%%
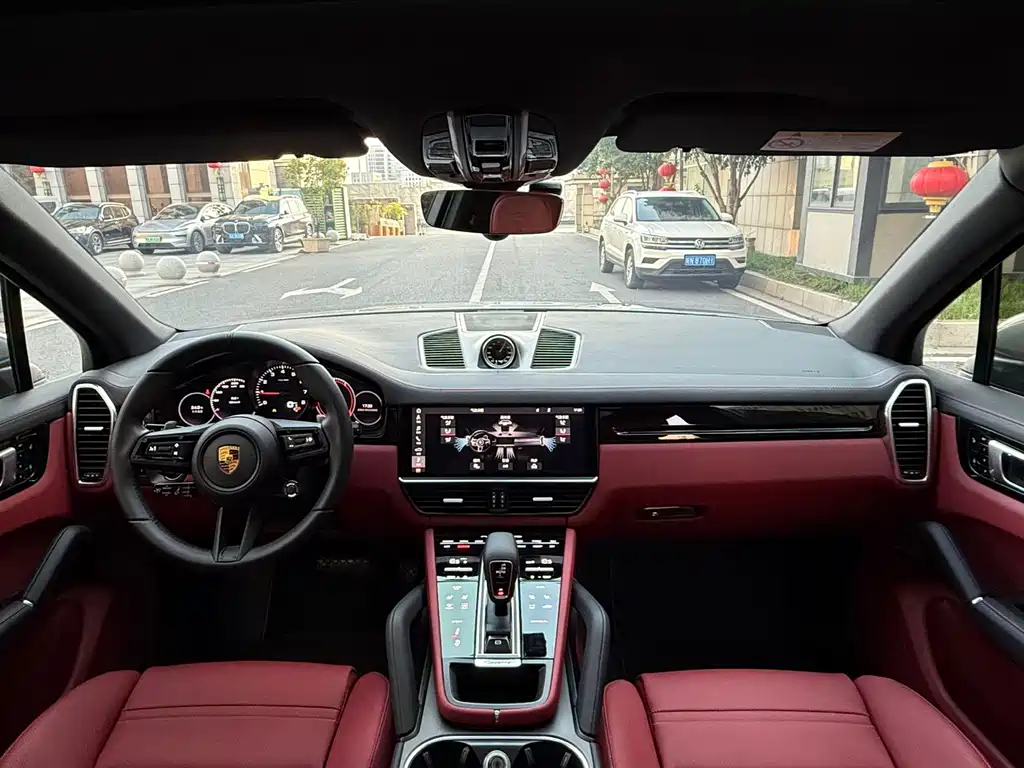 Porsche Cayenne 2018 Cayenne 3.0T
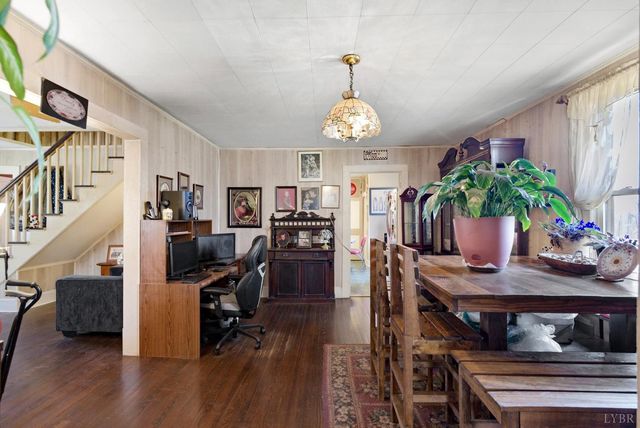 409 Staunton River Landing, Gretna, VA 24557
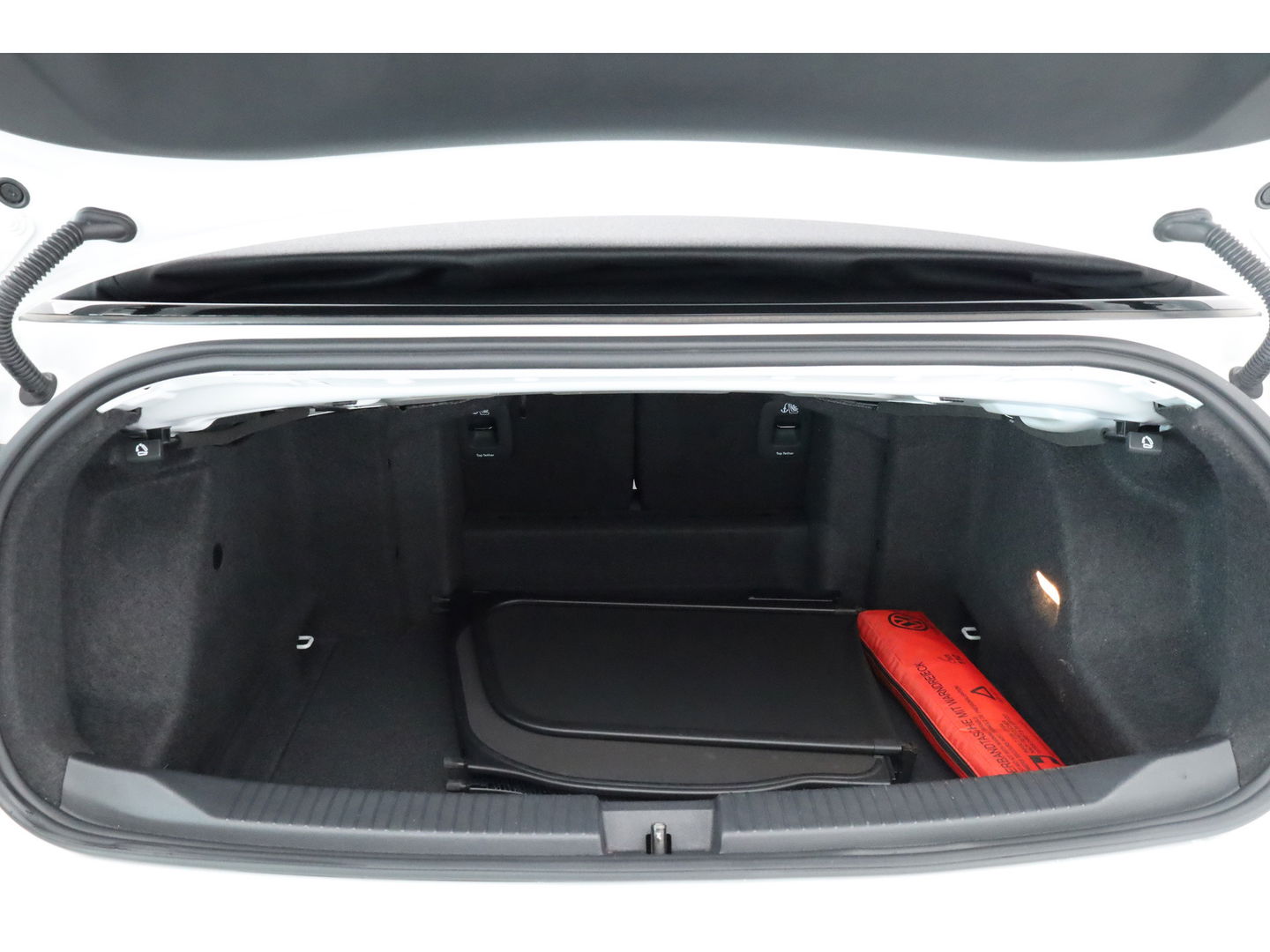 Volkswagen T-Roc Cabrio 1.5 TSI R-Line DSG Black Style | Digi. Dashboard | Stoelverw. | 18'' | PDC | Adapt. Cruise | Navi + CarPlay | Dodehoekdet.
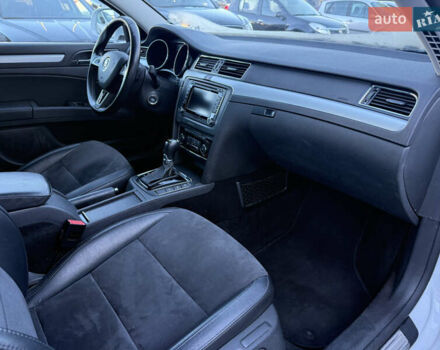 Белый Шкода Суперб, объемом двигателя 2 л и пробегом 235 тыс. км за 12750 $, фото 25 на Automoto.ua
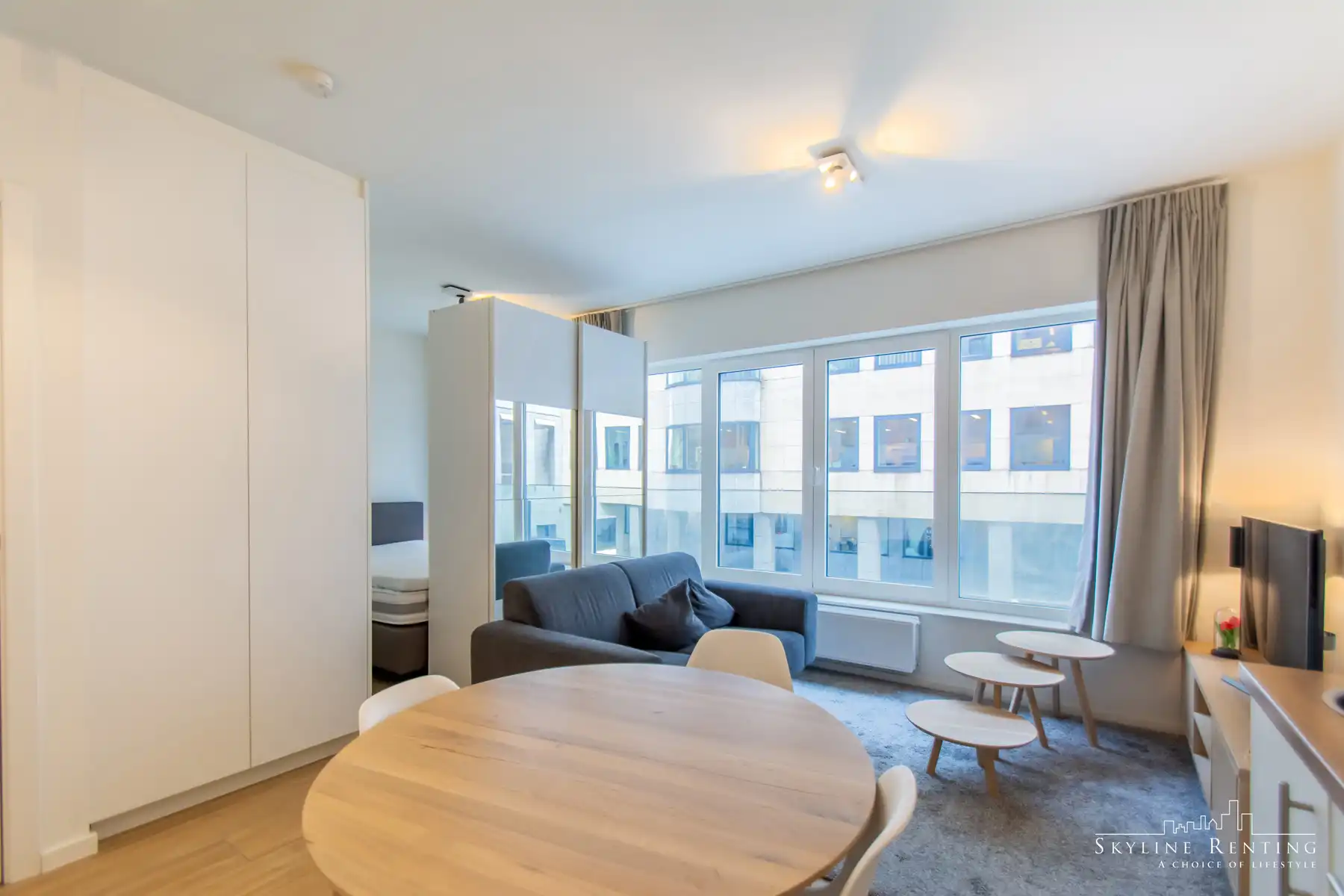 EU - Mooi lichtrijk gemeubelde studio foto 3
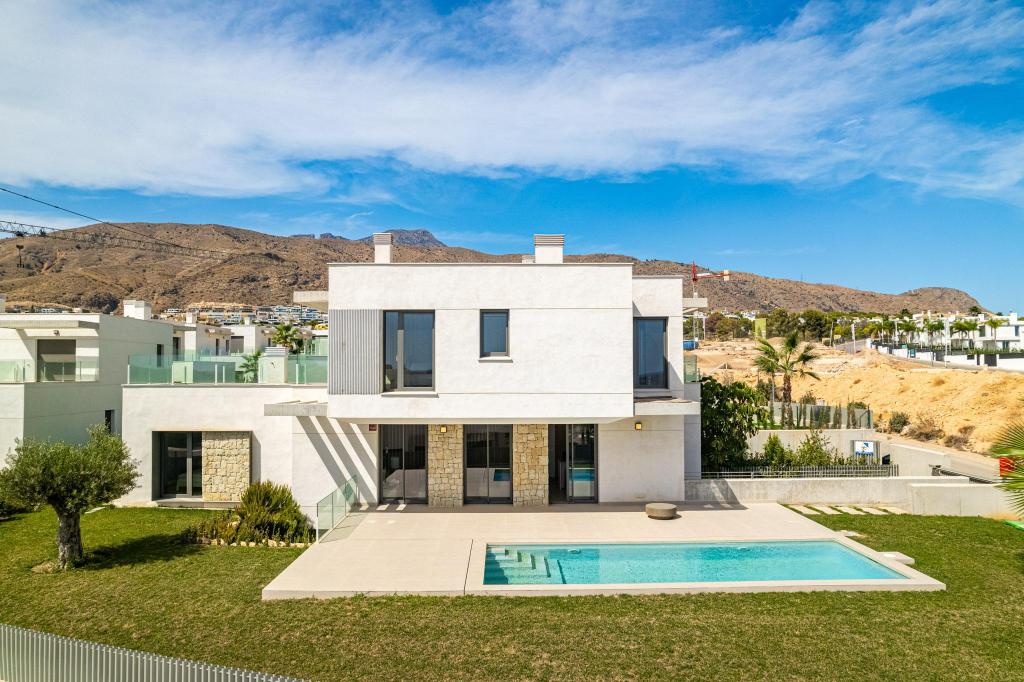 4 bed villa in Finestrat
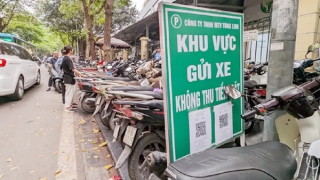 Trông giữ xe không dùng tiền mặt góp phần xóa bỏ tệ “chặt chém”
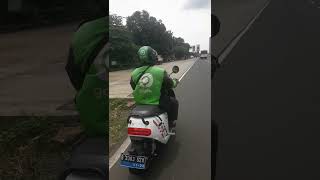 Motor listrik gojek saingan molis grab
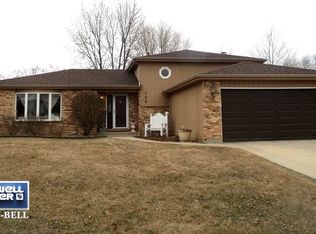 706 S Raven Rd, Shorewood, IL 60404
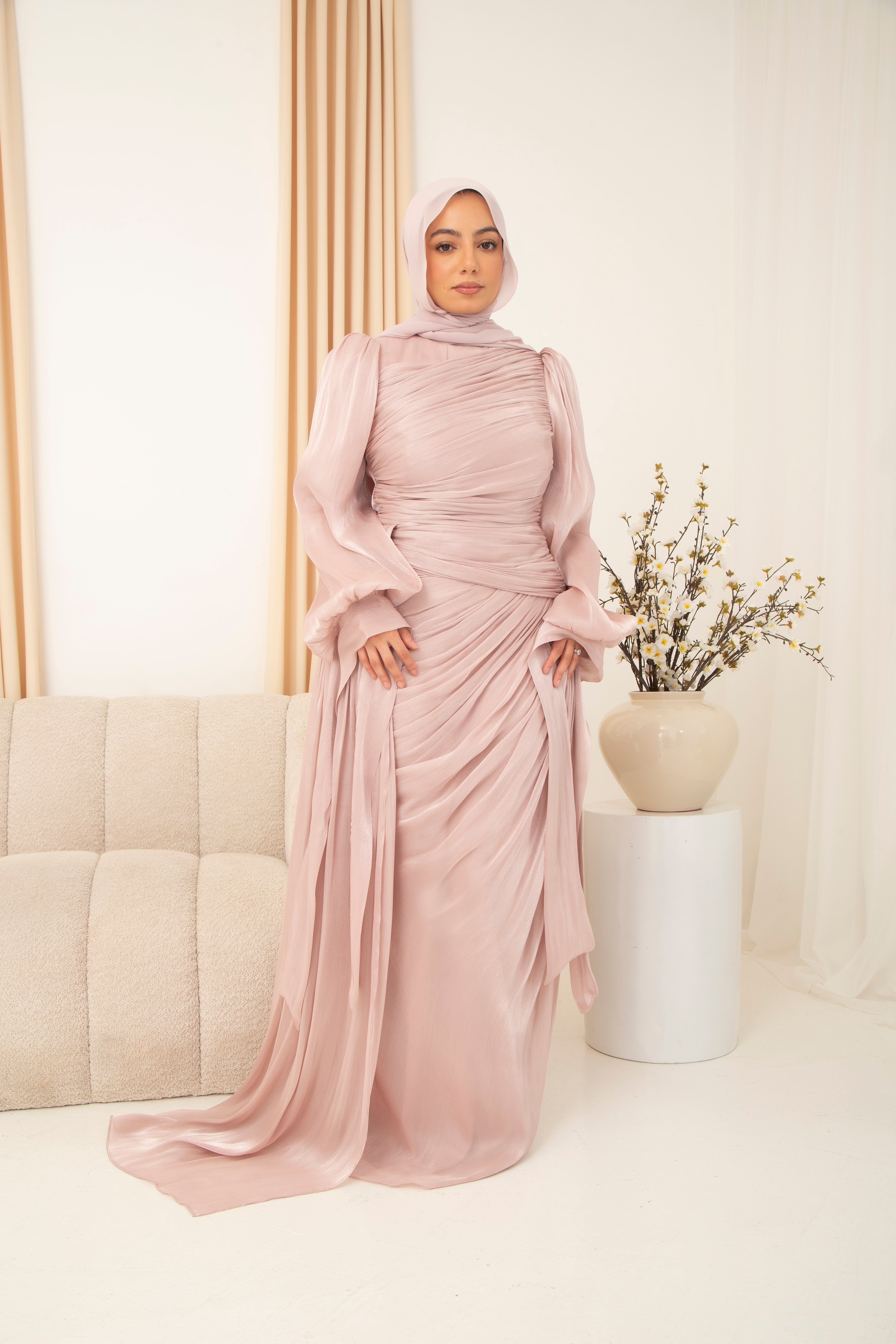 Naila Pink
%%
- **Exercise directions**: Retype the records exactly. Any image in them should not appear in what you write.

- **Output below**:
 Porsche Cayenne 2018 Cayenne 3.0T
 409 Staunton River Landing, Gretna, VA 24557
 Volkswagen T-Roc Cabrio 1.5 TSI R-Line DSG Black Style | Digi. Dashboard | Stoelverw. | 18'' | PDC | Adapt. Cruise | Navi + CarPlay | Dodehoekdet.
 Белый Шкода Суперб, объемом двигателя 2 л и пробегом 235 тыс. км за 12750 $, фото 25 на Automoto.ua
 EU - Mooi lichtrijk gemeubelde studio foto 3
 4 bed villa in Finestrat
 Trông giữ xe không dùng tiền mặt góp phần xóa bỏ tệ “chặt chém”
 Motor listrik gojek saingan molis grab
 706 S Raven Rd, Shorewood, IL 60404
 Naila Pink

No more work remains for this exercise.